S&P Global Ratings on April 3 downgraded South Africa to junk status after President Jacob Zuma forced out the country's finance minister and made other executive changes that the agency said have undermined the country's fiscal and growth outcomes.
South Africa's long- and short-term foreign-currency sovereign credit ratings were cut to BB+/B from BBB-/A-3, and its long- and short-term local-currency sovereign credit ratings were lowered to BBB-/A-3 from BBB/A-2. The outlook on all the long-term ratings is negative.
The rating agency also downgraded the country's long-term South Africa national scale rating to "zaAA-" from "zaAAA," while affirming the "zaA-1" short-term national scale rating.
S&P said the government changes, including the firing of Finance Minister Pravin Gordhan, and divisions in the country's African National Congress-led government have put policy continuity at risk, increasing the prospect that "economic growth and fiscal outcomes could suffer." S&P also cited a rise in contingent state liabilities, particularly in the energy sector, where plans to repair state utility Eskom's financial position may face implementation hurdles.

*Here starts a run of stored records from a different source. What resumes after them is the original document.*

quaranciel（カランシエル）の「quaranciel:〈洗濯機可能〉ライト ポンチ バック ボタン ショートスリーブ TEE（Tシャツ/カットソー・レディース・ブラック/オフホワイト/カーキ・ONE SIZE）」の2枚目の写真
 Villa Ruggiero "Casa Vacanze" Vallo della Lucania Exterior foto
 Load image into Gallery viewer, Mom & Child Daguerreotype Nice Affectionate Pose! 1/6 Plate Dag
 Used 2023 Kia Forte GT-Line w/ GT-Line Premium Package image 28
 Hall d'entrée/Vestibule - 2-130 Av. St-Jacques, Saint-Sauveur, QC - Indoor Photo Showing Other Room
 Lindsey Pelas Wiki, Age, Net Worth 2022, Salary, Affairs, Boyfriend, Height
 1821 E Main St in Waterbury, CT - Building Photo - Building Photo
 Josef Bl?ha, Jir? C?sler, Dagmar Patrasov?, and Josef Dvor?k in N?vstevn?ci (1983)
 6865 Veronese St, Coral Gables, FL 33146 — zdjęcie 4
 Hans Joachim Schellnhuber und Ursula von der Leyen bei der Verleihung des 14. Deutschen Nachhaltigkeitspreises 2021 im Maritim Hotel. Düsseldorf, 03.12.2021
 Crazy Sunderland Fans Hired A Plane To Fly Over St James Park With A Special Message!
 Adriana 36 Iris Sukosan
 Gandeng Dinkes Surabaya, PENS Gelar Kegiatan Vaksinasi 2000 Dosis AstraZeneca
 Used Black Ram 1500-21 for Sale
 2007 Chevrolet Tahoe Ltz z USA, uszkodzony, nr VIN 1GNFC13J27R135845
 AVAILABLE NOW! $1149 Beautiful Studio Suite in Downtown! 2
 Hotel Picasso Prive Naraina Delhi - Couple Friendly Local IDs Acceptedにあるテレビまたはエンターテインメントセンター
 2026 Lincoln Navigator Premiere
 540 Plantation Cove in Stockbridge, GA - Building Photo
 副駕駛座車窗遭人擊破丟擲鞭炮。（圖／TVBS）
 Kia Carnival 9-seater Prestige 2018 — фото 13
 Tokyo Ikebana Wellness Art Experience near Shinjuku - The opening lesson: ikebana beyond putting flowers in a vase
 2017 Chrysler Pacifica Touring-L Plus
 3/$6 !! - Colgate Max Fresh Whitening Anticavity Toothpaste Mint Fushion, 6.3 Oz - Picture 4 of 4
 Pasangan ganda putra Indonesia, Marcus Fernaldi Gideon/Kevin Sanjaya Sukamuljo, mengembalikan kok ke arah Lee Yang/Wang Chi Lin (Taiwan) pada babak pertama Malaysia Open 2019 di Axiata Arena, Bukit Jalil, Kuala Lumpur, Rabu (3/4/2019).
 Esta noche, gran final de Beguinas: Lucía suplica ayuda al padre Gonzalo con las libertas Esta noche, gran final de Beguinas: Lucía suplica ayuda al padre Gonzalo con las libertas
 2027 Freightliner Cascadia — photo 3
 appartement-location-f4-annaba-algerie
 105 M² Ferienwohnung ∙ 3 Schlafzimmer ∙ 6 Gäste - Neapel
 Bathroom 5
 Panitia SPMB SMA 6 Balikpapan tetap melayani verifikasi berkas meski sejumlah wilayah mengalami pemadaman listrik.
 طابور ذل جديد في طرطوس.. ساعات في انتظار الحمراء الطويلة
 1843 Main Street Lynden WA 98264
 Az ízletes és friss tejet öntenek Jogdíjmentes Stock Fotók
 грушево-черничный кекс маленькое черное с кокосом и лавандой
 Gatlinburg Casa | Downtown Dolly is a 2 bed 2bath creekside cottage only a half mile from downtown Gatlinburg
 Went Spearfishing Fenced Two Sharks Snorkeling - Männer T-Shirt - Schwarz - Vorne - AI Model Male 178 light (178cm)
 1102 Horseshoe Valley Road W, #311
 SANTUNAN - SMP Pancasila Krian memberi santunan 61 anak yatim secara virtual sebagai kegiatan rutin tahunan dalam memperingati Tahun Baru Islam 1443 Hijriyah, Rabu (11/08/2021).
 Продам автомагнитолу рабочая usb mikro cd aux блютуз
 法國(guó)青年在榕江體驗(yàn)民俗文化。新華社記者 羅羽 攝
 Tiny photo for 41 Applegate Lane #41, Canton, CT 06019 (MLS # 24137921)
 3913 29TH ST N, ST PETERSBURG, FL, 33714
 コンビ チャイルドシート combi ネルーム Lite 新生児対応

S&P also noted that although less than 10% of South Africa's debt stock is denominated in foreign currency, some 35% of its local-currency debt is held by nonresidents, "which could make financing costs vulnerable to foreign investor sentiment, exchange rate fluctuations and rises in developed market interest rates."
The negative outlook is based on S&P's view that political risks will remain high in 2017, and also reflects the likelihood of policy shifts that could put the country's fiscal and growth outcomes at risk more than the agency predicts.
S&P's next scheduled rating publication on South Africa's sovereign rating will be June 2.
S&P Global Ratings and S&P Global Market Intelligence are owned by S&P Global Inc.